Le roman commence alors que la guerre n’est plus très loin de s’achever, en 1944. 1944 c’est l’année peut-être la plus terrible : exécutions, début de l’épuration, tonte et humiliation des femmes ayant «été avec l’ennemi ». Renée est une très jeune fille, française, qui a eu le tort de tomber amoureuse d’un beau soldat allemand dont elle porte l’enfant. Lui est reparti au combat, elle est tondue, trainée dans une charrette pour être exhibée tel un monstre dans les rues de la ville. Elle s’enfuit et finit par arriver, munie d’une lettre de son amoureux, à la porte d’une pouponnière, en Bavière. Elle va alors raconter son séjour, sa grossesse au milieu de toutes ces femmes, de tous ces nouveau-nés, et les infirmières.
Parmi ces dernières, Helga, fervente admiratrice d’Himmler mais aussi une femme sensible à la détresse de certaines mamans quand leur enfant leur est enlevé car jugé impur du fait d’un problème de santé, entre autres. Helga tient un journal et découvre, petit à petit, le but ultime de ces pouponnières.
Et puis il y a Marek. Lui est un prisonnier, anicien déporté à Dachau, qui a rejoint le Service du Travail Obligatoire et dont l’une des tâches est de construire des extensions à cette maison où il n’a le droit d’en croiser aucune, une maison dont il ne s’approche que pour glaner quelques épluchures à manger.
Comme je le disais, le style est sobre, sans jamais sombre dans le glauque ni le pathos. C’est narré comme un récit, factuel, sans jugement envers Renée ou Helga. Bien sûr, il y a des passages plus durs que d’autres mais l’ensemble est merveilleusement bien écrit et les personnages sont (presque) tous d’une humanité qu’on a du mal à croire encore d’actualité de nos jours, avec leurs défauts, leur crédulité, leur ignorance aussi toute comme leur cruauté, leurs bassesses, leurs peurs, leur désespoir.

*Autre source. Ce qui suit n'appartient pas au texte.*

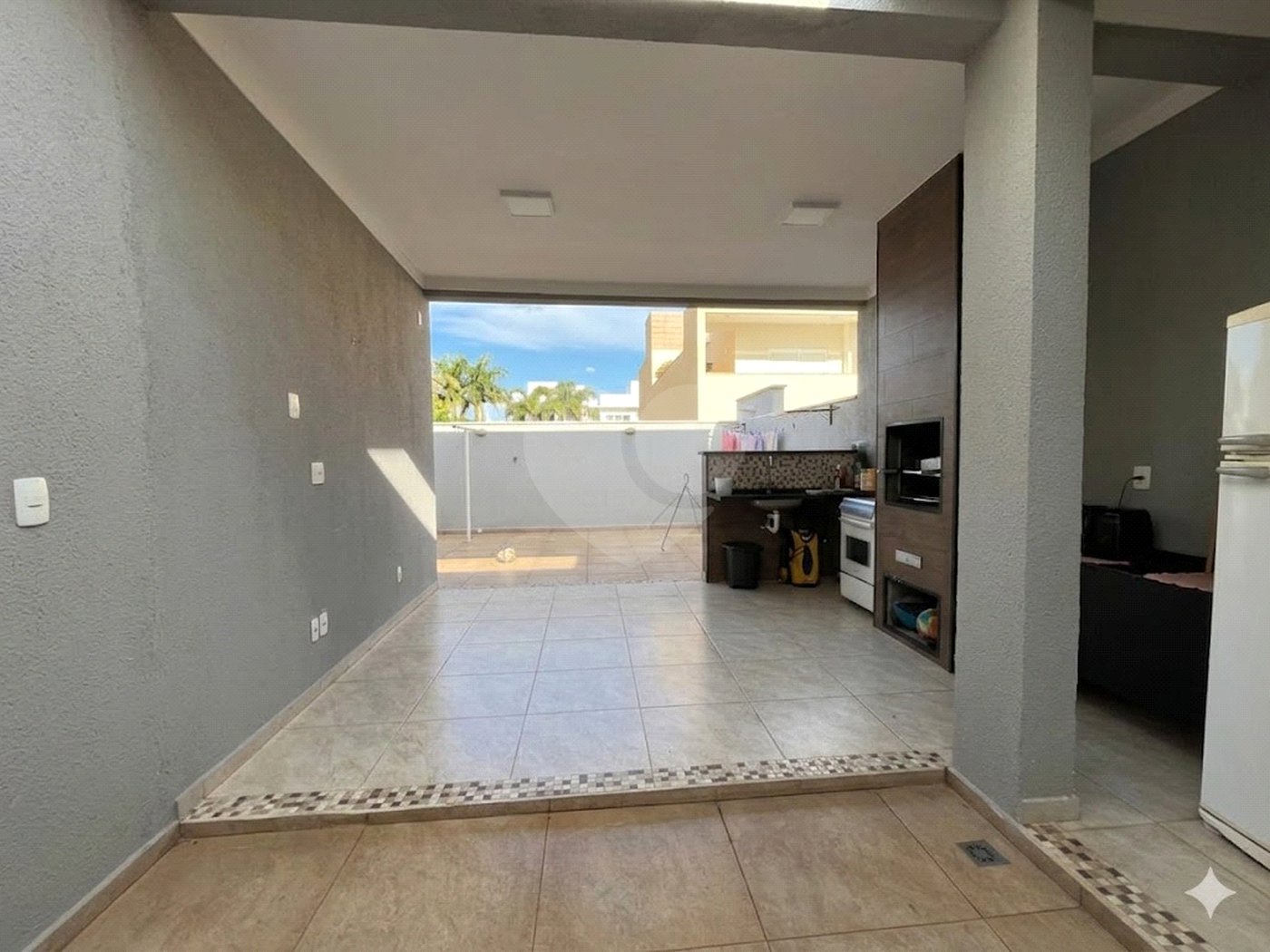 Casa à venda com 3 quartos, sendo 1 suíte, no condomínio Villa Suiça, Sorocaba - SP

C’est vraiment un bijou de ce mois de mars à découvrir chez Gallimard dans sa collection Blanche.
Résumé éditeur :
Heim Hochland, en Bavière, 1944. Dans la première maternité nazie, les rumeurs de la guerre arrivent à peine ; tout est fait pour offrir aux nouveau-nés de l'ordre SS et à leurs mères "de sang pur" un cadre harmonieux. La jeune Renée, une Française abandonnée des siens après s'être éprise d'un soldat allemand, trouve là un refuge dans l'attente d'une naissance non désirée. Helga, infirmière modèle chargée de veiller sur les femmes enceintes et les nourrissons, voit défiler des pensionnaires aux destins parfois tragiques et des enfants évincés lorsqu'ils ne correspondent pas aux critères exigés : face à cette cruauté, ses certitudes quelquefois vacillent. Alors que les Alliés se rapprochent, l'organisation bien réglée des foyers Lebensborn se détraque, et l'abri devient piège. Que deviendront-ils lorsque les soldats américains arriveront jusqu'à eux ? Et quel choix leur restera-t-il ? Reconstituant dans sa réalité historique ce gynécée inquiétant, ce roman propose une immersion dans un des Lebensborn patronnés par Himmler, visant à développer la race aryenne et à fabriquer les futurs seigneurs de guerre. Une plongée saisissante dans l'Allemagne nazie envisagée du point de vue des femmes.